Records excerpted from a collection:
*-*-*
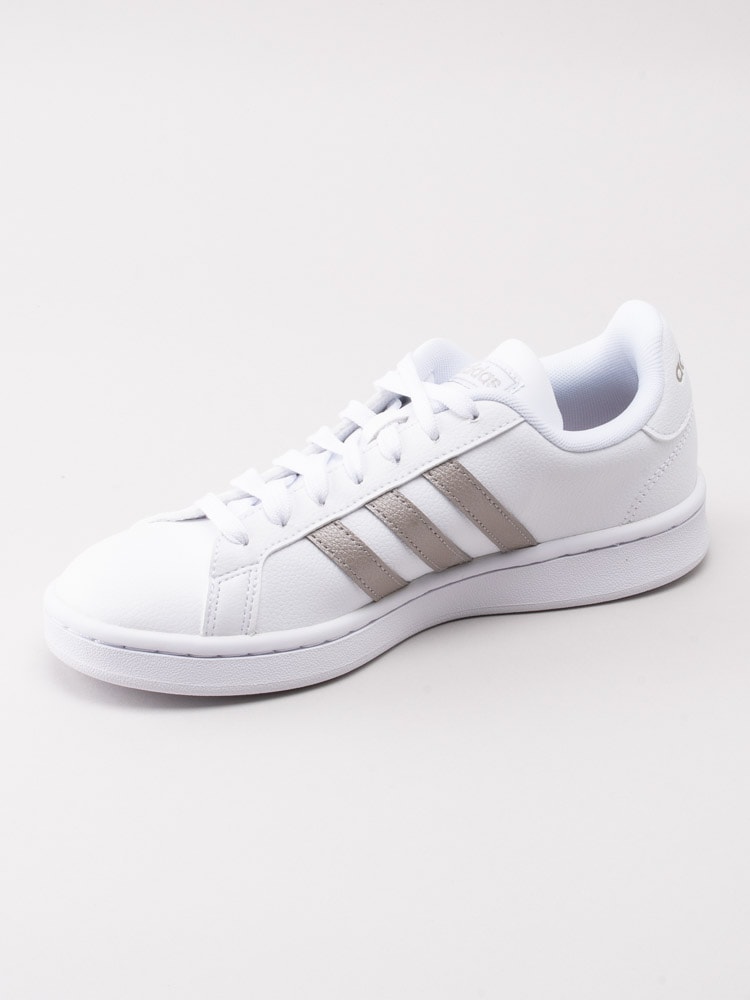 57201028 Adidas Grand Court F36485 vita skinnsneakers med stripes-2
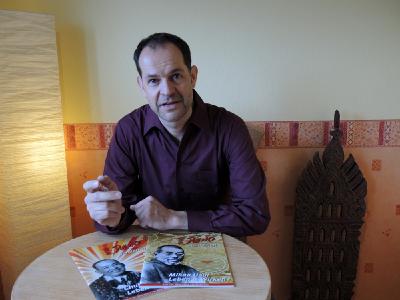 Reiki Lehrer Oliver Drewes stellt sich den "11 Fragen" des Reiki-Magazins.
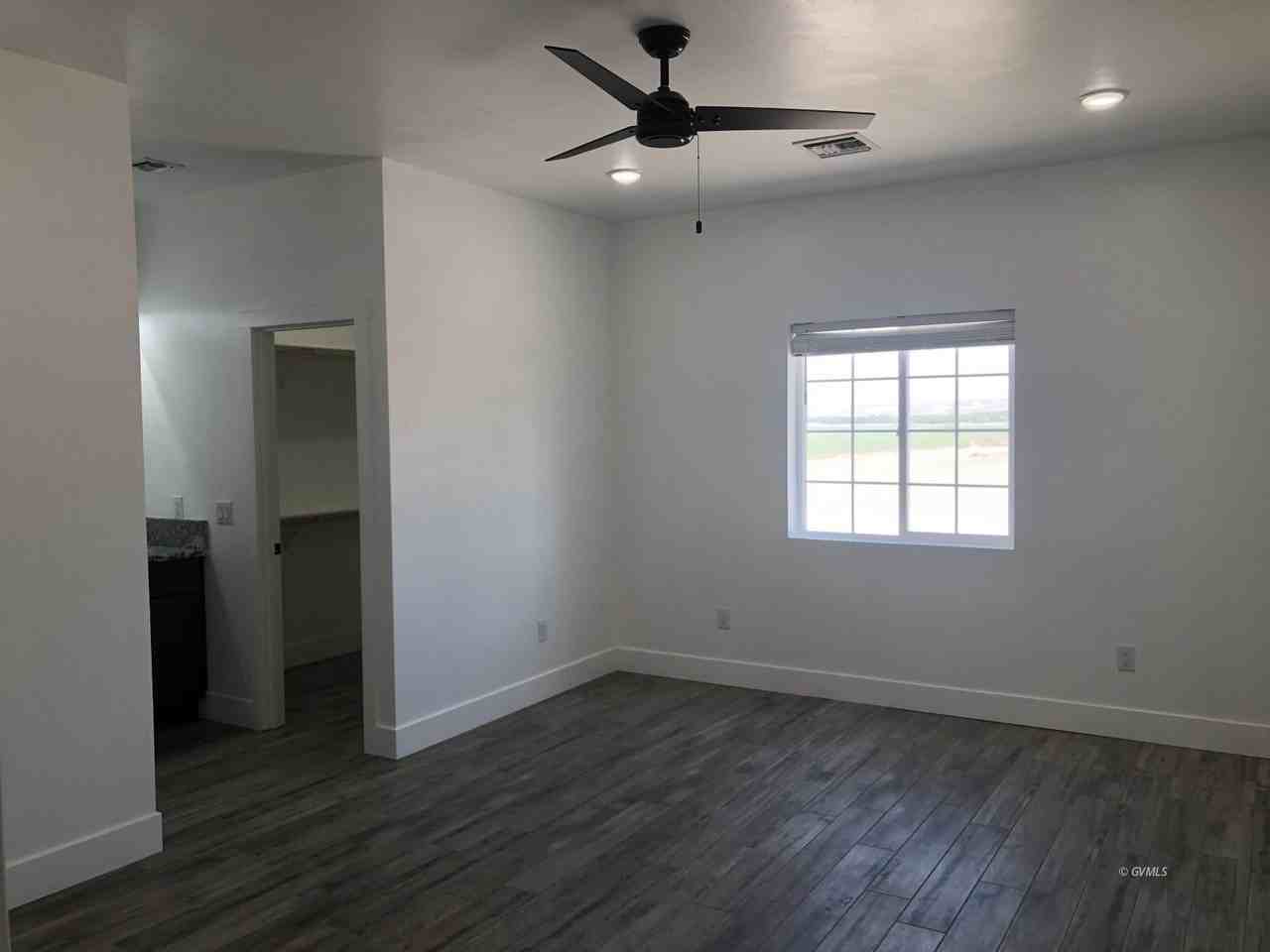 114 Alder Ln - Photo 4 of 8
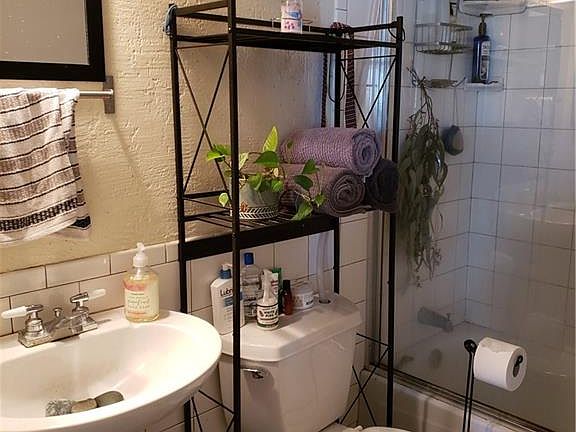5th image of 1840 Burton Dr APT 180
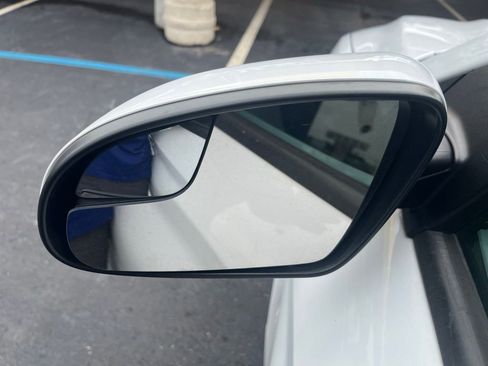 Used 2021 Hyundai Kona SE FWD image 15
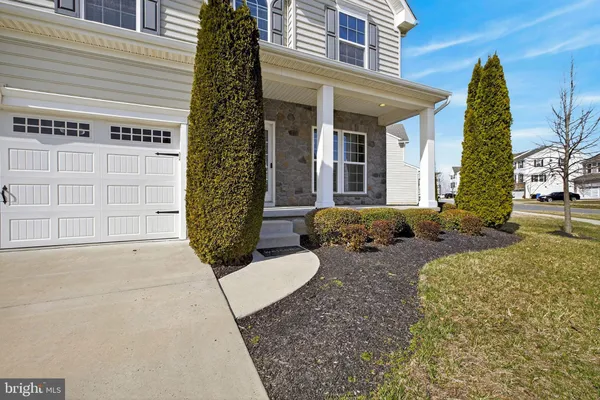 a view of house with a outdoor space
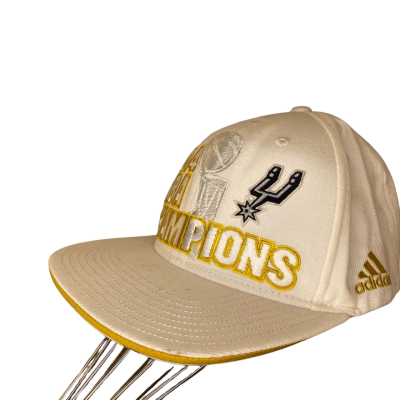 Adidas / NBA Sam Antonio Spurs 2014 NBA Champions Locker Room Mens Size One Size Snapback Hat Black  / Gold / White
*-*-*
- _YOUR OBJECTIVE_:
Pictures stay out. Print the lines of the records above exactly, from the first through the one with "a view of house with a outdoor space".

- _EXPECTED OUTPUT_:
 57201028 Adidas Grand Court F36485 vita skinnsneakers med stripes-2
 Reiki Lehrer Oliver Drewes stellt sich den "11 Fragen" des Reiki-Magazins.
 114 Alder Ln - Photo 4 of 8
5th image of 1840 Burton Dr APT 180
 Used 2021 Hyundai Kona SE FWD image 15
 a view of house with a outdoor space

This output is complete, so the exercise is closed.